Me: A Canadian showing with Mary Boone (7) also might also have something to do with it.

John: Sure. And the fact that painting reproduces really well in a magazine.

Me: Especially work like Karin Davie’s.

John: Yes, but there is also the acknowledgement that painting is a series of codes and conventions that have some elasticity to them. They have both meaning inherent in them and also the ability to transfer meaning in a way that allows people to enter into the discourse. It’s something that I think painting does really well and I think that’s something that the AGO pursued really well. In terms of timing, the reality is that painting is healthier now than it’s been in a long, long time and it’s a case of the AGO being a couple of years behind the times (which it usually is). It’s catching up to the fact that painting is once again exploding. That’s a pretty typical timing thing with any major institution: two or three years behind the times.

Me: Well, perhaps even more so. For me, the two major overarching texts that informed that exhibition were the 1998 Art Forum with the cover story “The New Color Field” (8) that was all about Monique Prieto (9) Laura Owens (10) and the ACME (11) crew. Prieto was included in the AGO show. The larger text historically was, of course, Robert Rosenblum’s The Abstract Sublime (12). They even included Milton Avery (13) as a pseudo-Friedrich. Clearly the couldn’t get a Friedrich (14), so they had to go with an Avery. (It was, however, a really nice Avery.) But in extending that Abstract Sublime trajectory, they grouped together some things that were historically viewed as quite different from each other (15).

John: Sure, but also colour has emerged as a topic that within the last three years seen the publication of Victoria Finlay’s book “Colour” (16) and David Batchelor’s “Chromophobia” (17). It is the very slipperiness and the slightly intangible qualities of colour that painting has brought to the fore. It is not alone in doing it, but it has brought that discourse up repeatedly. It seems to have created some living space, some working space (18) for contemporary artists. You never used to be able to talk about colour because it was a little funny, a little squishy, a little unseemly. It was like crying in a movie because you had to bring up all of those signifiers that come with it like the Sublime (19). That was dangerous territory for thirty or forty years. Personally, I think that the trauma to painting from 1960 through to the 1980’s was the reductivist notion of the theory of the period where gesture, which had in the 40’s and 50’s suggested some kind of existential mark or some kind of ontological change, became reduced to some kind of misogyny or white hegemony.

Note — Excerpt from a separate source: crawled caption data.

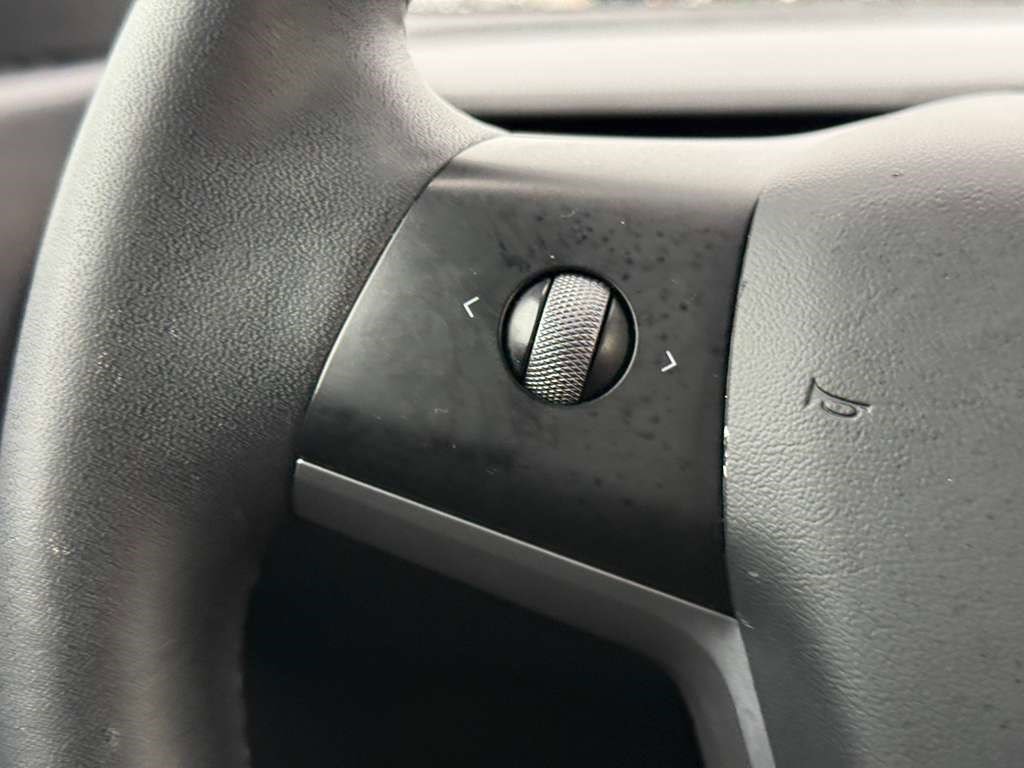 Used 2021 Tesla Model Y Long Range image 21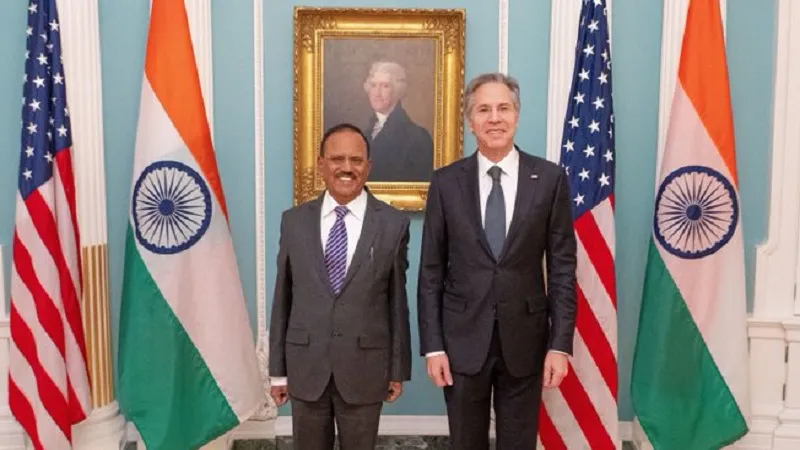 NSA अजित डोभाल ने  ब्रिटिश के NSA से की मुलाकात, Rishi Sunak ने बैठक में शामिल होकर दिया ‘विशेष संकेत’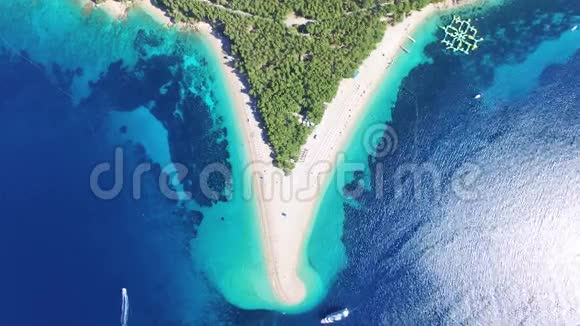 克罗地亚Brac岛沙滩的鸟瞰图视频的预览图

Me: Ego-maniacal-boy-painting.

John: Exactly. But what was lost in that was that it’s a convention. When I was young I fell hard for language theory and I always recognized in painting that it was a set of codes and conventions. It is how I speak to the world. I am quintessentially post-post-modern (or whatever you want to call it) in that I am very aware of the fact that I am not working with highly individualized marks but am working within the world of language and its conventions. I believe that painting functions extremely well that way. What is interesting about painting is that it functions that way but is also, to some extent, kind of slippery. Colour is one of those areas where the system of signification gets slippery (20). It is within those fissures, those cracks that things can happen. At the end of the day I made a decision. Back in the late eighties I made the decision that I was going to make paintings. The reason for it, after experimenting with a whole bunch of different stuff, was that I was aware of the extraordinary conventionality of all artistic practice. In the first generation after painting when people were doing video or a variety of different conceptual practices, there was still this notion of the “Avante-Garde” or of progress or in the novelty in “new kinds of things”. Like when artists starting using computers and thought that this was some kind of “new thing”, but really all of it was locked in the same kinds of conventions. So if everything is going to inevitably collapse into a set of conventions, then why not work with the one language that has the ability to extend itself through the history of artistic discourse? And that’s painting. There’s more to work with in that.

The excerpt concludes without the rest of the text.